Aim of the exercise:
Set down exactly the lines in the records below that run from the line with "SUP Board aufblasbar GALAXY 300 neon" to the line with "121 Lockehaven Rd, Enfield, NH 03748", inclusive, and nothing more.
☆ ☆ ☆ ☆ ☆ ☆ ☆
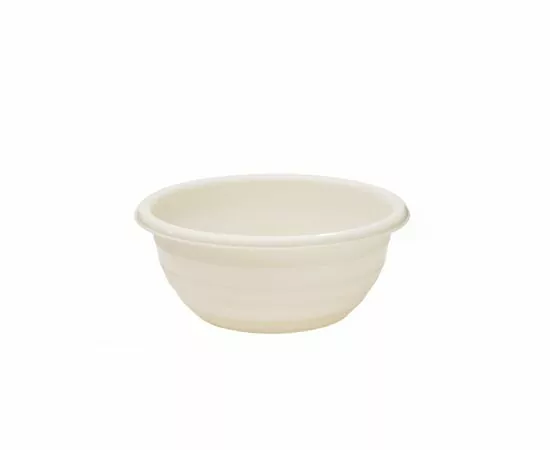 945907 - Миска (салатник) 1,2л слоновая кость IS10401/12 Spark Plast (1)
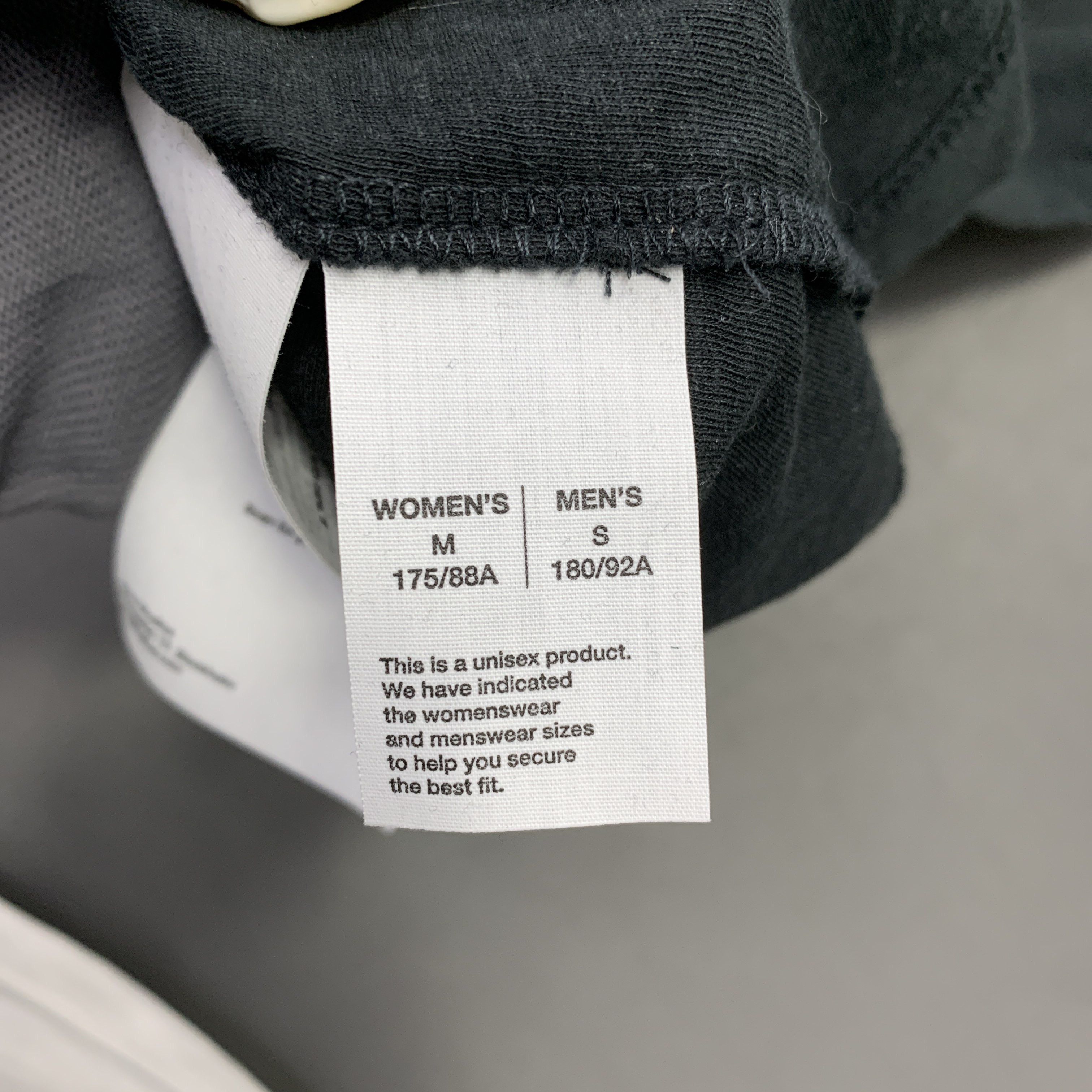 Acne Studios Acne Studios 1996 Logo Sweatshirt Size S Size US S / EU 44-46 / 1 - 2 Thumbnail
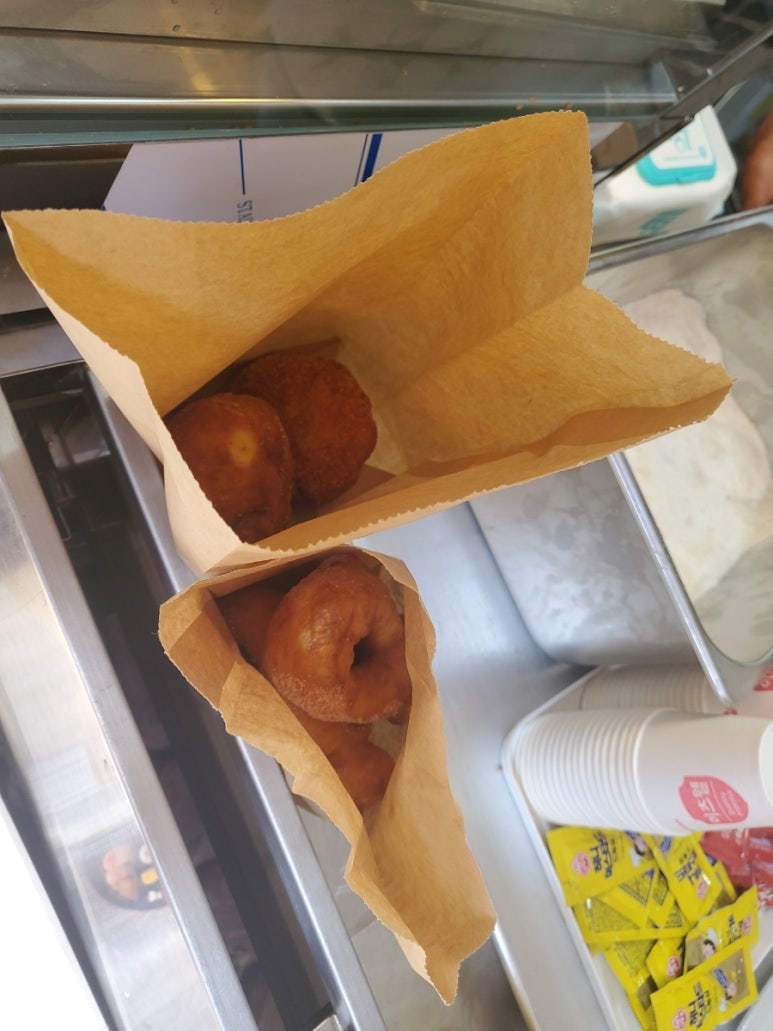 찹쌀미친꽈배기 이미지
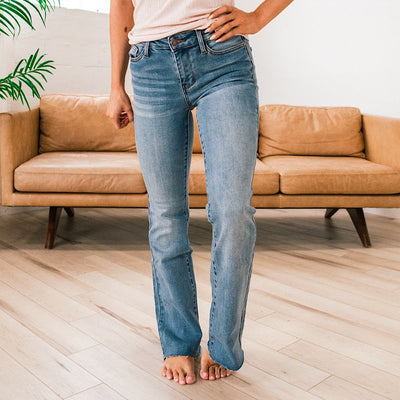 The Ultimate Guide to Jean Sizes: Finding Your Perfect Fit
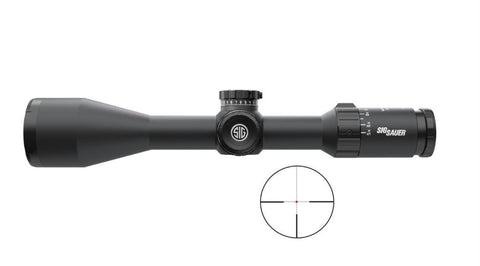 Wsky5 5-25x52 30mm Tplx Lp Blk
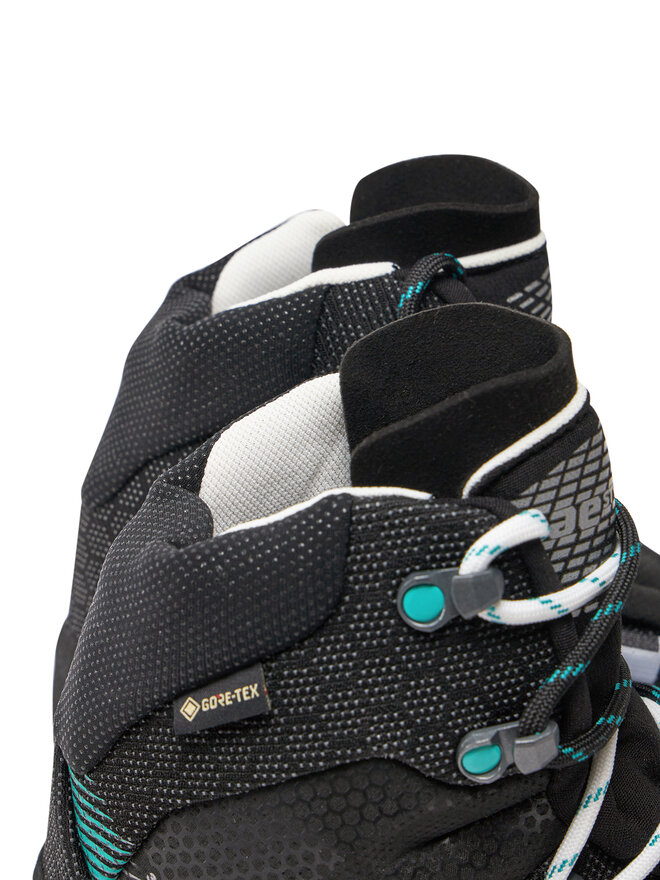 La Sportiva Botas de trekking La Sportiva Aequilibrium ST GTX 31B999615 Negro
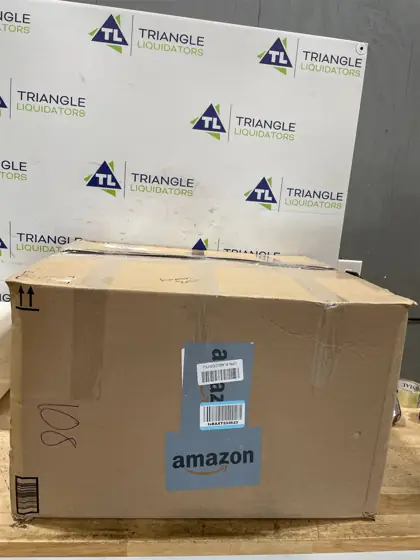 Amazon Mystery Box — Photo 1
☆ ☆ ☆ ☆ ☆ ☆ ☆
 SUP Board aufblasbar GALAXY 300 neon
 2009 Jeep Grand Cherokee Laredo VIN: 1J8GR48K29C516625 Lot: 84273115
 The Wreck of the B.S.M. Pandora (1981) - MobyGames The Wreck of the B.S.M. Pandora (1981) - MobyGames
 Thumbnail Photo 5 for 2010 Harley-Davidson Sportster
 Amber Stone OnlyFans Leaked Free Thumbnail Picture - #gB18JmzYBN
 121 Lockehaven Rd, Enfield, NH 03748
☆ ☆ ☆ ☆ ☆ ☆ ☆
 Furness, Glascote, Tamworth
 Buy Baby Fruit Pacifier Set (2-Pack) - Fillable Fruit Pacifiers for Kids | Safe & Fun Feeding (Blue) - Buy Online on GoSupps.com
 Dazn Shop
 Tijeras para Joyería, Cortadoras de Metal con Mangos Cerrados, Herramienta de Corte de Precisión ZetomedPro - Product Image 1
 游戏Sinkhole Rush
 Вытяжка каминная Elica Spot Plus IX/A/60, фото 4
☆ ☆ ☆ ☆ ☆ ☆ ☆
Written response:
 SUP Board aufblasbar GALAXY 300 neon
 2009 Jeep Grand Cherokee Laredo VIN: 1J8GR48K29C516625 Lot: 84273115
 The Wreck of the B.S.M. Pandora (1981) - MobyGames The Wreck of the B.S.M. Pandora (1981) - MobyGames
 Thumbnail Photo 5 for 2010 Harley-Davidson Sportster
 Amber Stone OnlyFans Leaked Free Thumbnail Picture - #gB18JmzYBN
 121 Lockehaven Rd, Enfield, NH 03748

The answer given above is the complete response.